Vice Media to lay off hundreds of employees, cease publishing to website
Vice Media is laying off hundreds of employees and will cease publishing new content on its website Vice.com, according to an internal memo sent Thursday.
The news comes less than a year after the company filed for Chapter 11 bankruptcy and announced an agreement to sell its assets to lenders.
The digital media company aims to put “more emphasis on our social channels as we accelerate our discussions with partners to take our content to where it will be viewed most broadly,” CEO Bruce Dixon wrote in a memo reviewed by the Daily News.

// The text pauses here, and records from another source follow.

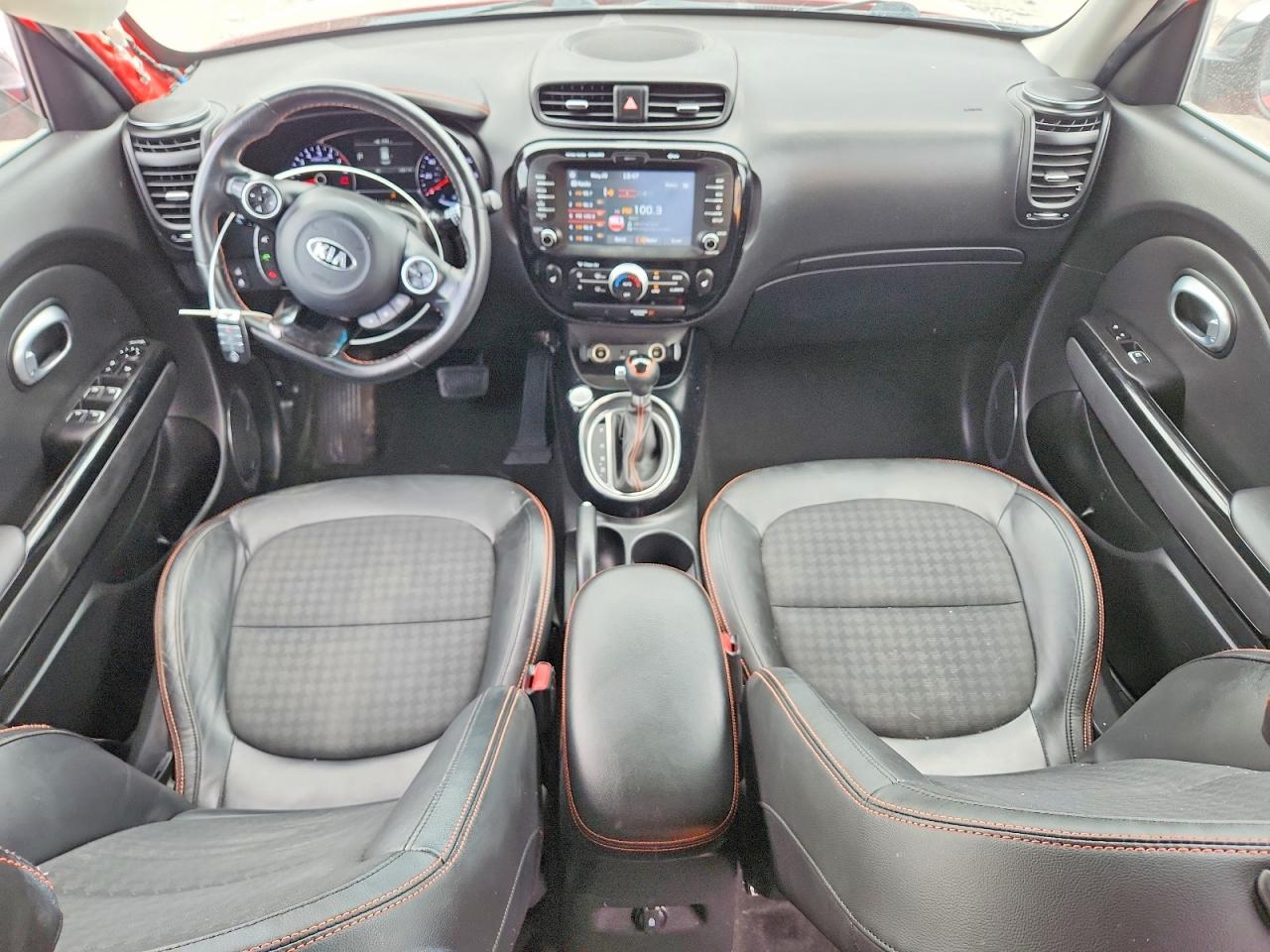 Kia Soul !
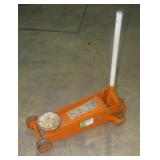 2-1/4 Ton Hydraulic Floor Jack-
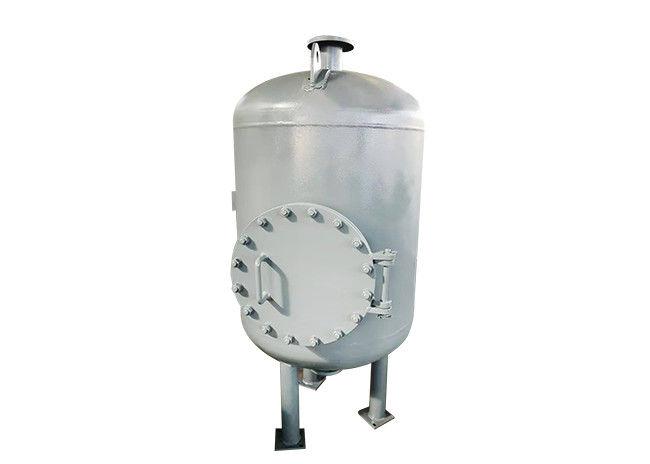 Tanque de alta pressão do ar comprimido da indústria 1.6MPa com forro de borracha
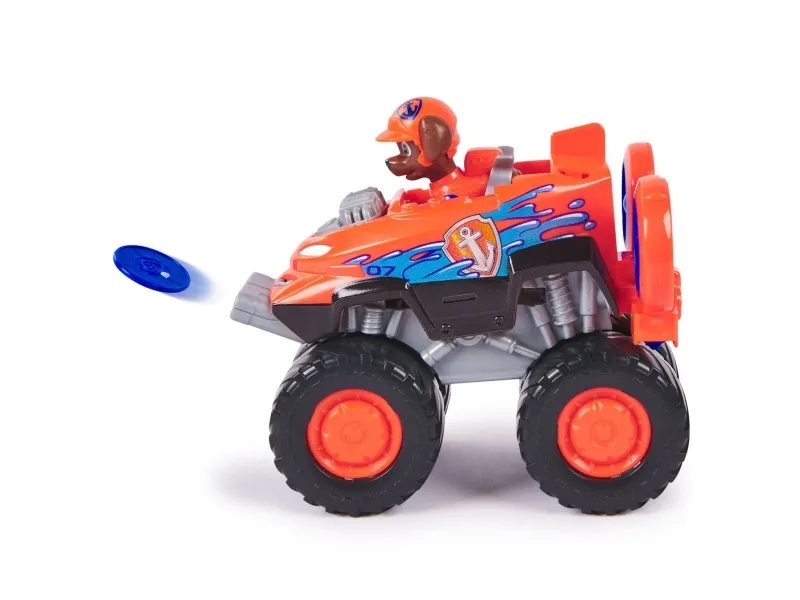 Paw Patrol Rescue Wheels Themed Vehicles - Zuma
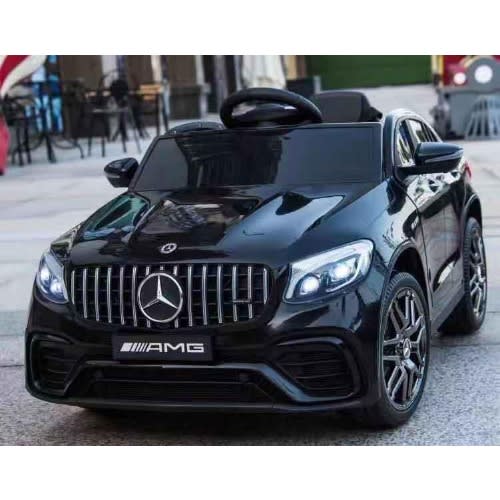 Mercedes GLE 63S AMG Ride-on car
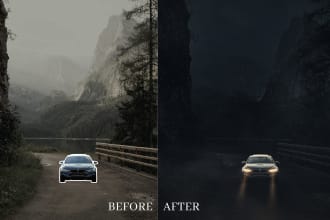 do photo editing, compositing, or anything in photoshop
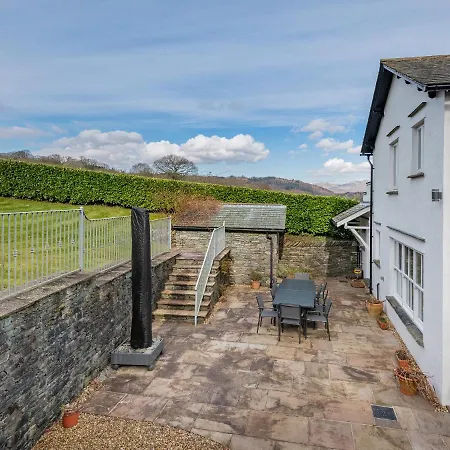 Сasa de vacaciones Hilltop At Hawkshead Hill *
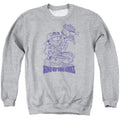 Garfield King Of The Grill Crewneck Sweatshirt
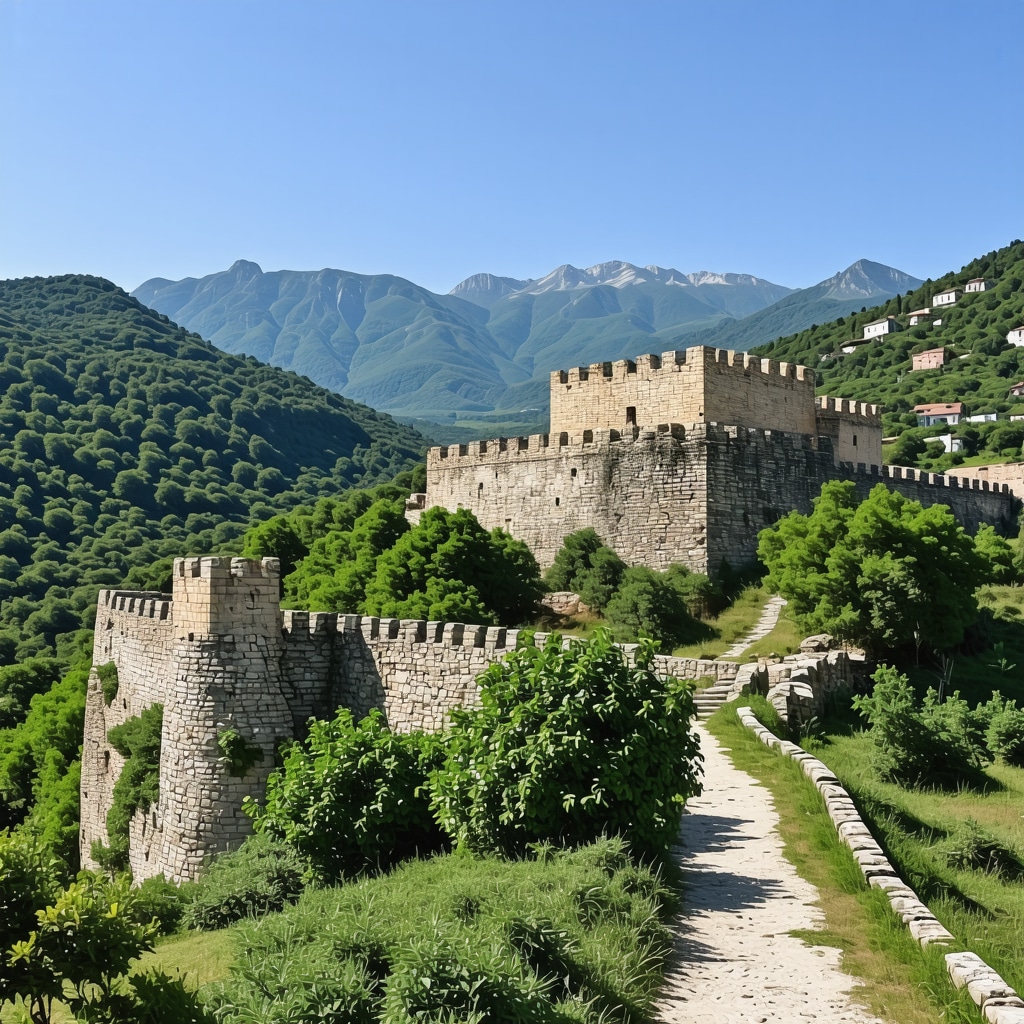 Krujë Shqipëri: Udhëtimi në Qytetin e Skënderbeut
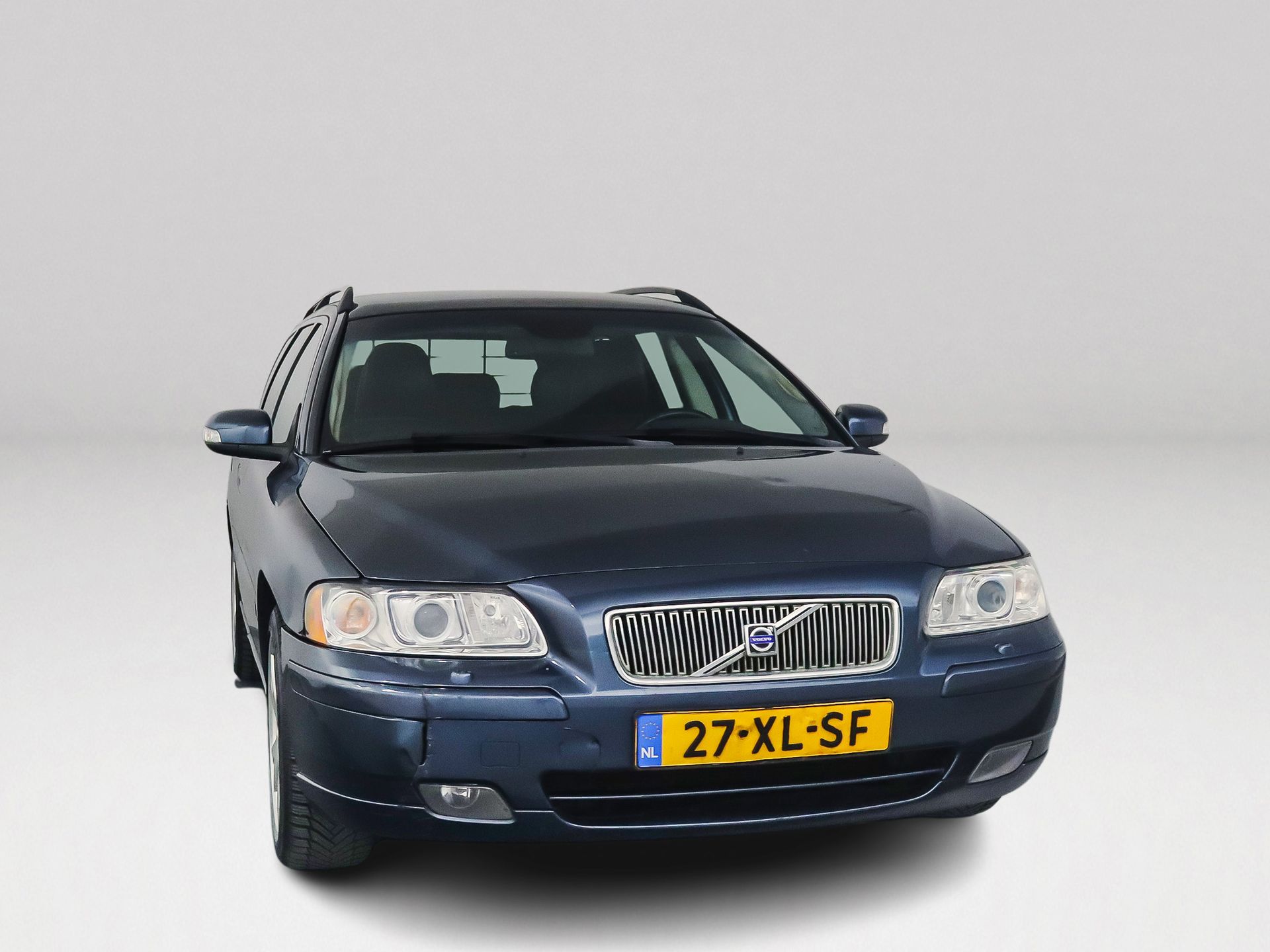 Foto van Volvo V70
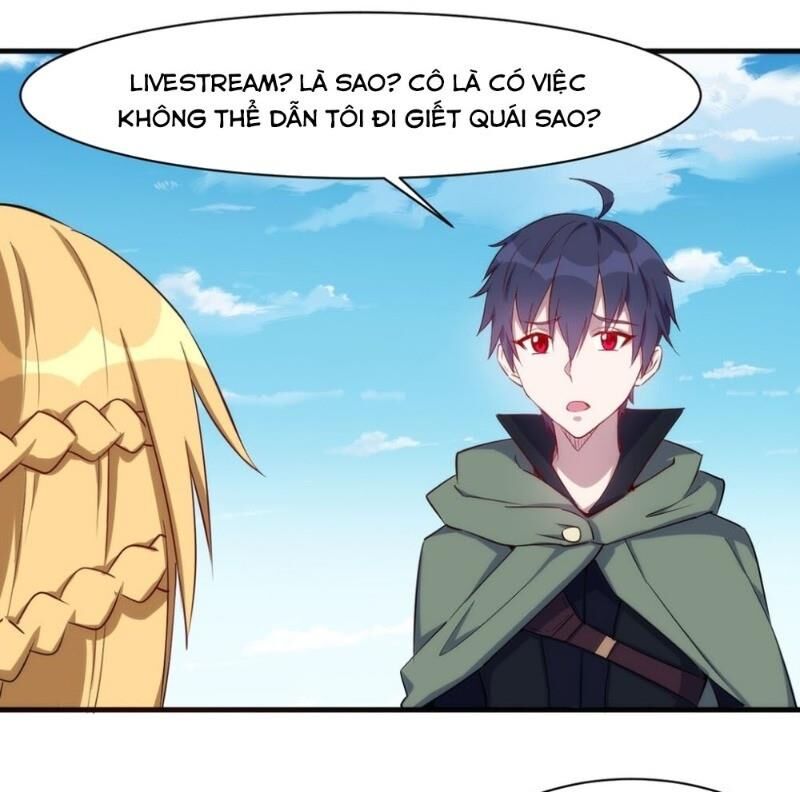Thánh Đường Chi Thành Chapter 26 - 19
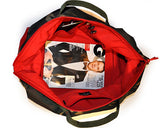 Camo Traveler Duffle Bag - CHRiS CARDi House of Design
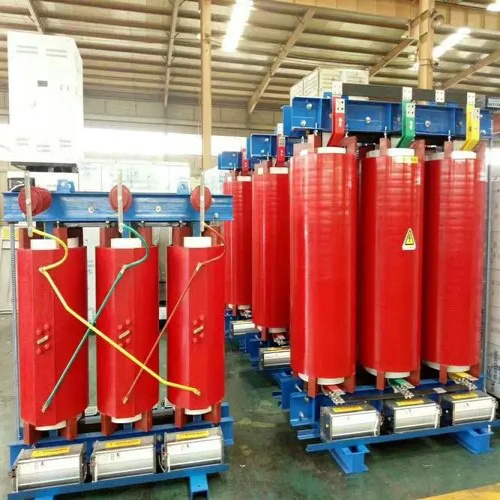 菏泽SCB13-1000KVA变压器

Dixon added that the Vice-owned website Refinery29, a digital publication tailored to women, will remain functional as a standalone site with a focus on social content.
“We create and produce outstanding original content true to the Vice brand. However, it is no longer cost-effective for us to distribute our digital content the way we have done previously,” Dixon added. “Moving forward, we will look to partner with established media companies to distribute our digital content, including news, on their global platforms, as we fully transition to a studio model.”
Dixon has not yet specified if the changes mean the Vice website will officially be taken down.
Vice News editor-in-chief Josh Visser discussed the troubling news with staff in a Zoom call Thursday morning, informing them he had reached our to senior executives about rumors the website was shuttering, but had not yet received an answer.
“Our website and our work being pulled down would be completely reprehensible,” he reportedly told employees. “I cannot even understand any business reasons why you would do something like that.”
In the past five years, Vice has undergone a series of layoffs and cutbacks, and had a change of ownership after filing for bankruptcy last May.
Fortress Investment Group, a private-equity firm which took control in 2023, has continued to make further cuts as it attempts to find a new strategy to become profitable.
Vice was founded in 1994 in Montreal, by three Canadian journalists, including far-right commentator and Proud Boys founder Gavin McInnes.
The company’s struggles are indicative of a larger economic issue facing the journalism industry, as almost all news publishers were forced to make budget cuts in the last year, including the Los Angeles Times, the Wall Street Journal and the Washington Post.